The Canadians at the Battle for Hong Kong and the POW Experience, 1941–45

            On 8 December 1941, planes bombed and strafed Hong Kong, and almost two thousand Canadian soldiers who had been sent to bolster the 13,000-man British garrison only a few weeks earlier found themselves at war with the Empire of Japan.  As bombs exploded around him, seventeen-year-old Rifleman Bill MacWhirter watched in horror as bullets cut a Chinese man in two.  British generals believed they'd be able to hold the Japanese on the mainland of the colony for at least a week; they held them  just over a day. Over the next week, shelling and bombings killed hundreds of the more than 1.5 million Chinese on Hong Kong Island.  The family of Adrienne Poy, who grew up to become Adrienne Clarkson, our 26th Governor General, and that of Vivienne Poy (née Lee), who grew up to become a Toronto senator and Clarkson's sister-in-law, survived.

 The Battle for Hong Kong Island

            To the surprise of the British generals, the Japanese crossed the mile-wide bay near midnight on 18 December, and after cutting through a line of pillboxes, ran straight into elements of the Quebec-based Royal Rifles of Canada, manning positions on the northwest quadrant of the island.  Days of desperate fighting - bayonet charges and attacks on barren hills undertaken without promised artillery support - could barely slow the relentless advance down the east side of the island.  Rifleman Jean-Paul Dallain spent the afternoon of 22 December hugging the ground on Stanley Mound. He knew that any explosion he could hear would not turn him into "pink mist," as had happened to Rifleman Little Jo Fitzpatrick a day earlier.

              Toward dusk, "Smitty" Smith told Dallain that he was going to get the cigarettes he had left in his kit a short distance away. "Smitty got up on his haunches to have a better look ahead. A second later he fell just dead as they come," recalls Dallain, who, along with his comrades, was forced to withdraw south toward Stanley not long after.

             It never occurred to Dallain or any other rifleman that their brigadier, Cedric Wallis, a career British officer, would accuse them in his war diary of what amounted to dereliction of duty and  cowardice in the face of the enemy, or that he would decide against having their Canadian commander, Lieutenant-Colonel William Home, shot for staging "a bloodless mutiny" because doing so would require the shooting of other Canadian officers, all because Home had implored Wallis to pull the badly depleted and exhausted Rifles back to defensive positions.  Veterans like Dallain and Sergeant Major George MacDonell, who led a successful attack on a Japanese gun emplacement on 20 December, bristle at Wallis's accusation that in the middle of the battle, "The men would wander off and pick up anything they fancied. Far too many slunk off to the rear . . . and were out of battle positions for long times."  MacDonell, who, on Wallis's orders, led the doomed Christmas Day attack north of Stanley, rejects Wallis's criticism that the Canadians erred by attacking over open ground; there was no other way to reach their objective - aptly, a cemetery.
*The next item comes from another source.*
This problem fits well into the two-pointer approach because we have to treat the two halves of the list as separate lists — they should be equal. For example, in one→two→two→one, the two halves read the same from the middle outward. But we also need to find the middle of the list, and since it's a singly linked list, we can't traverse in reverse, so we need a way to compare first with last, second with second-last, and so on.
Of the 120 men who attacked, only 19 remained who were neither killed, wounded or missing.

            While Colonel Tanaka's men pushed south, colonels Shoji and Doi's men pushed west.  Within hours of landing, they'd taken Jardine's Lookout, Mounts Butler and Nicholson (high points the British generals had neglected to garrison), and the Wong Nei Chong Gap, effectively cutting the island in two. Winnipeg Grenadiers died in all these places; Brigadier General Lawson perished in the gap.  On the Lookout, Grenadier Tom Marsh miraculously survived the explosion that killed Lieutenant George Birkett and other men he'd gathered around a pillbox.  Sergeant-Major John Osborn earned Canada's first Victoria Cross of the Second World War when he threw himself on a grenade as his platoon ran for their lives from a vastly superior force on Mount Butler.

POWs

            By the time the garrison surrendered on Christmas Day, the Japanese had already committed numerous war crimes - raping and killing British and Chinese nurses, bayoneting wounded soldiers on their hospital cots, killing others whose hands were raised in surrender, and burning people to death  in houses after they  had surrendered. While the Japanese did not torture or kill any Canadians immediately after the surrender, war crimes began as soon as the Canadians began falling ill from dysentery caused by the unhygienic conditions in the camps to which they were taken, camps that lacked latrines and seethed with flies that feasted on the dead bodies of animals and men. 

            Men require at least 2,500 calories a day. Most days the Canadian soldiers were given fewer than 1,000; by the end of January most had lost 20 lbs.  For a few days in June 1942, the Japanese exchanged extra food for hard labour. After than the food vanished but the labour remained, accompanied by beatings. The Canadians who were later drafted to Japan as slave labourers - in shipyards, coal mines and factories (where some worked next to white-hot kilns without any protection) were also beaten.  In a POW camp in Japan, a sadistic guard forced Signalman George "Black" Verreault to do push-ups over a shovel of burning coals. 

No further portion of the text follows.